[Data records]:
---+---
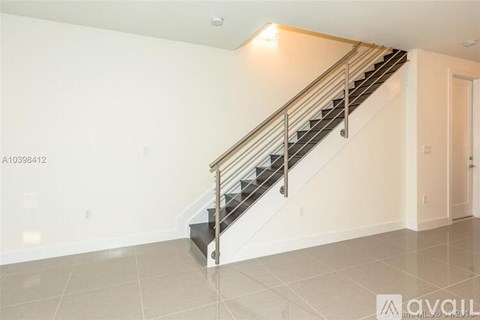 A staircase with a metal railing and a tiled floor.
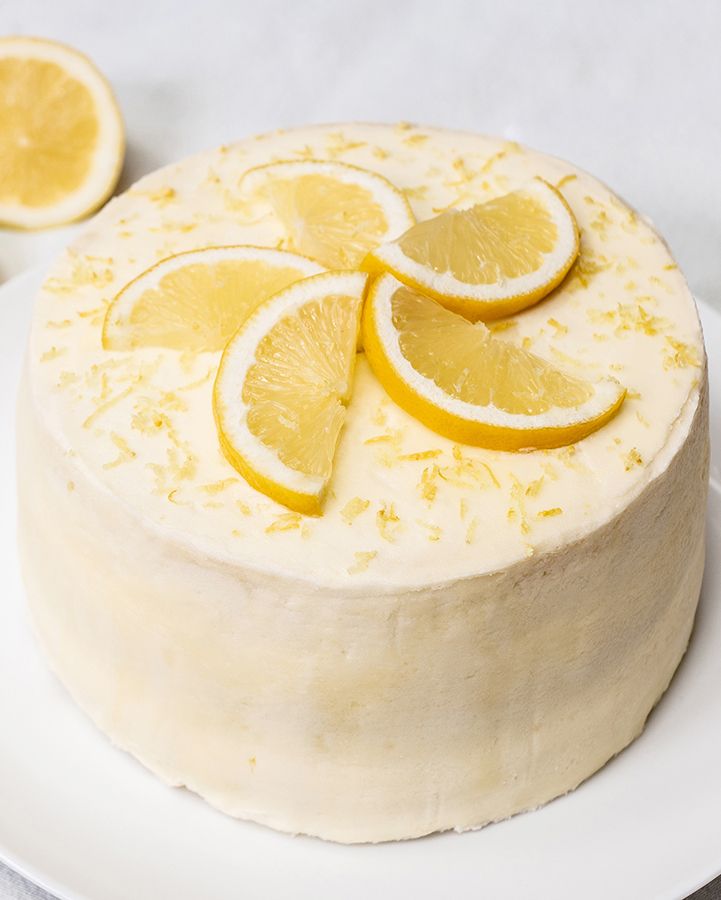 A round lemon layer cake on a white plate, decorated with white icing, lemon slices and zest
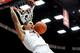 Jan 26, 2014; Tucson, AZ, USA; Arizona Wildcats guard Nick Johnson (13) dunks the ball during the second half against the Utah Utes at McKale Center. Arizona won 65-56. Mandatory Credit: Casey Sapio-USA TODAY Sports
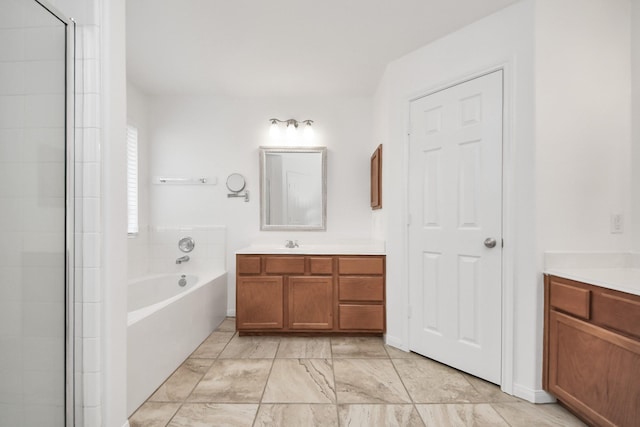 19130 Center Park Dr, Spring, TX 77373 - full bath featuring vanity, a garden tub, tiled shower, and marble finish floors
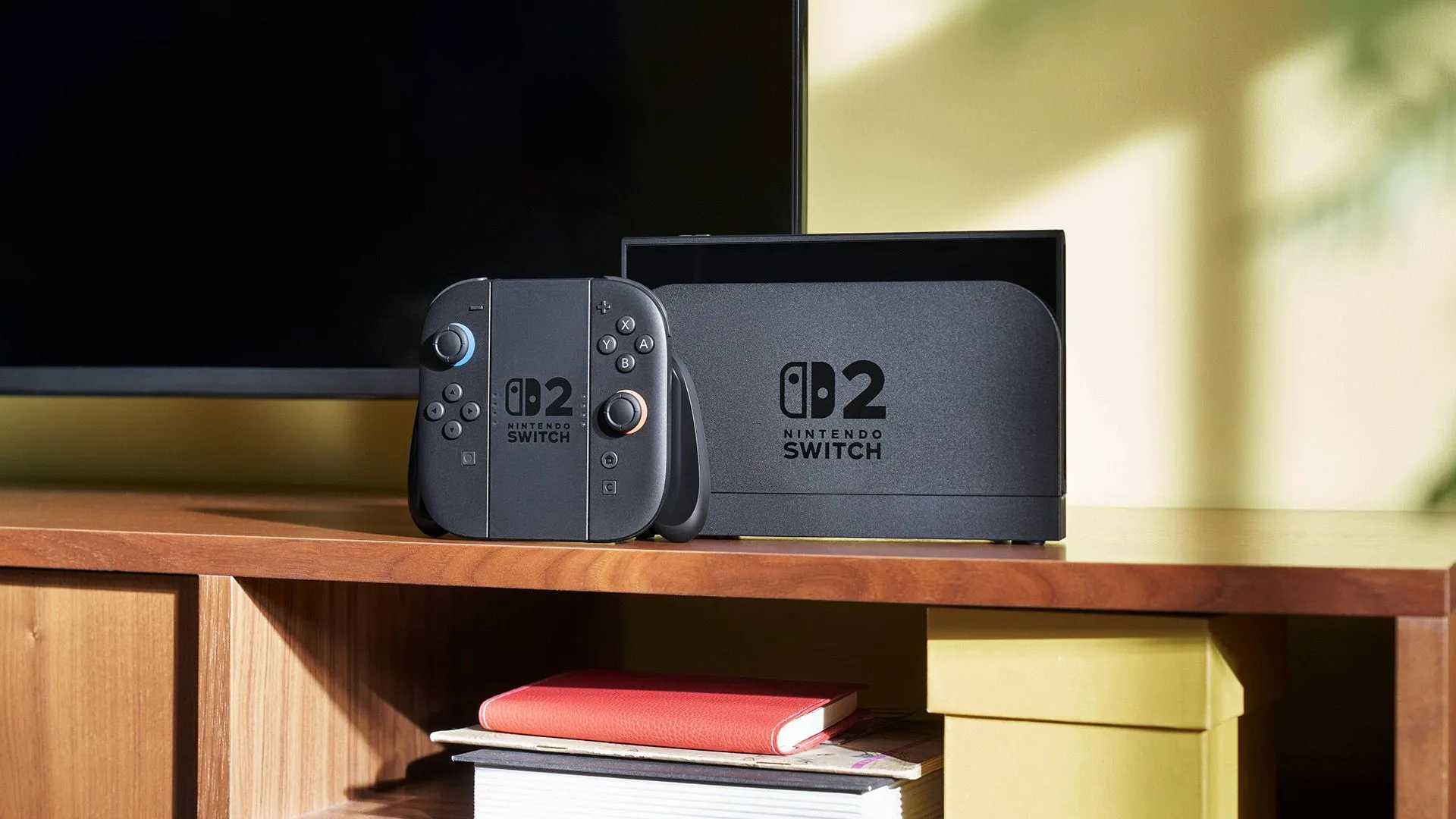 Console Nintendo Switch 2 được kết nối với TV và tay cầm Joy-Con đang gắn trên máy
---+---
[What to do]: Pictures excluded, set down all the entries exactly.

[Answer to the exercise]:
 A staircase with a metal railing and a tiled floor.
 A round lemon layer cake on a white plate, decorated with white icing, lemon slices and zest
 Jan 26, 2014; Tucson, AZ, USA; Arizona Wildcats guard Nick Johnson (13) dunks the ball during the second half against the Utah Utes at McKale Center. Arizona won 65-56. Mandatory Credit: Casey Sapio-USA TODAY Sports
 19130 Center Park Dr, Spring, TX 77373 - full bath featuring vanity, a garden tub, tiled shower, and marble finish floors
 Console Nintendo Switch 2 được kết nối với TV và tay cầm Joy-Con đang gắn trên máy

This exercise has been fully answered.